Every line below must be reproduced exactly; no pictures are to be included.

=======

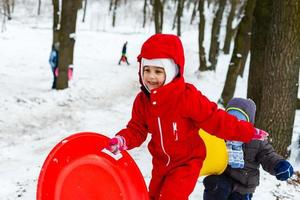 Pretty smiling little girl in her ski suit sliding down a small snow covered hill with her sledge photo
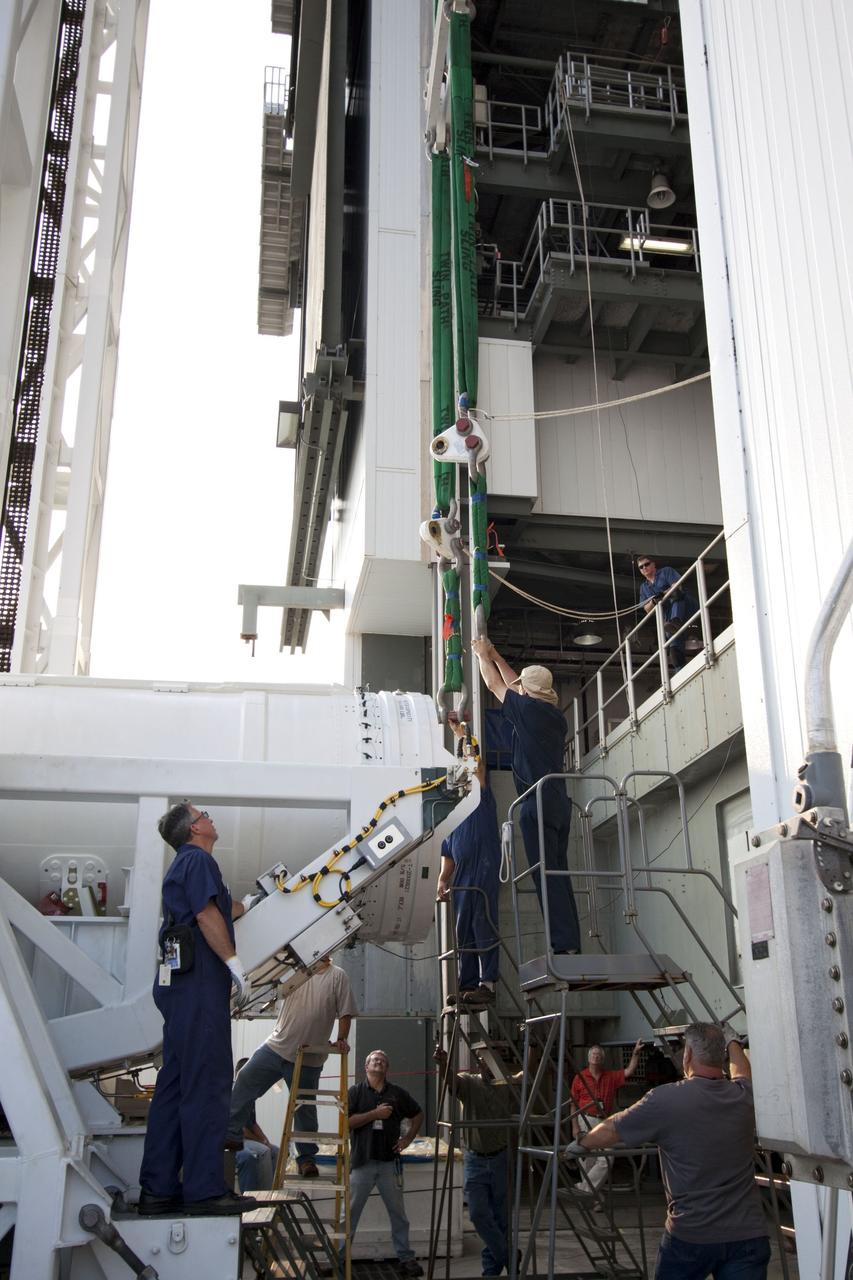 CAPE CANAVERAL, Fla. -- At Cape Canaveral Air Force Station in Florida, workers attach an overhead crane to the fifth and final solid rocket booster for lifting into the Vertical Integration Facility at Launch Complex 41. It then will be attached to the United Launch Alliance Atlas V booster stage, already at the pad.              NASA's Juno spacecraft is scheduled to launch aboard an Atlas V from Cape Canaveral, Fla. Aug. 5.The solar-powered spacecraft will orbit Jupiter's poles 33 times to find out more about the gas giant's origins, structure, atmosphere and magnetosphere and investigate the existence of a solid planetary core. For more information visit: www.nasa.gov/juno. Photo credit: NASA/Jim Grossmann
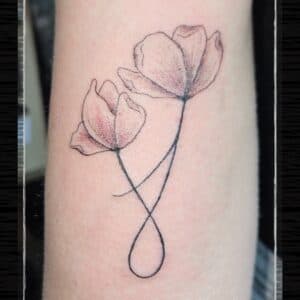 Fineline tattoo van twee bloemen met verstrengelde stelen als oneindigheidsteken.
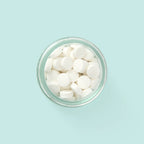 Eco-friendly toothpaste tablets in a zero-waste jar with whitening and plaque-removing ingredients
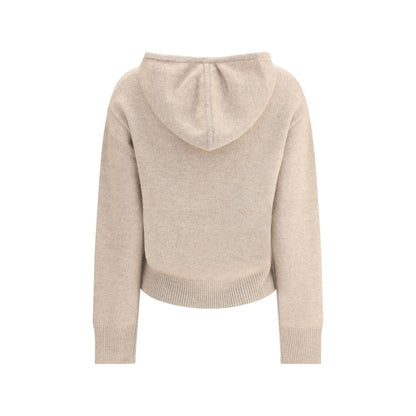 Back view of Guest in Residence Beige Cashmere Hoodie with ribbed hem and cuffs, showcasing the soft texture and adjustable hood.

=======

* THE ANSWER
 Pretty smiling little girl in her ski suit sliding down a small snow covered hill with her sledge photo
 CAPE CANAVERAL, Fla. -- At Cape Canaveral Air Force Station in Florida, workers attach an overhead crane to the fifth and final solid rocket booster for lifting into the Vertical Integration Facility at Launch Complex 41. It then will be attached to the United Launch Alliance Atlas V booster stage, already at the pad.              NASA's Juno spacecraft is scheduled to launch aboard an Atlas V from Cape Canaveral, Fla. Aug. 5.The solar-powered spacecraft will orbit Jupiter's poles 33 times to find out more about the gas giant's origins, structure, atmosphere and magnetosphere and investigate the existence of a solid planetary core. For more information visit: www.nasa.gov/juno. Photo credit: NASA/Jim Grossmann
 Fineline tattoo van twee bloemen met verstrengelde stelen als oneindigheidsteken.
 Eco-friendly toothpaste tablets in a zero-waste jar with whitening and plaque-removing ingredients
 Back view of Guest in Residence Beige Cashmere Hoodie with ribbed hem and cuffs, showcasing the soft texture and adjustable hood.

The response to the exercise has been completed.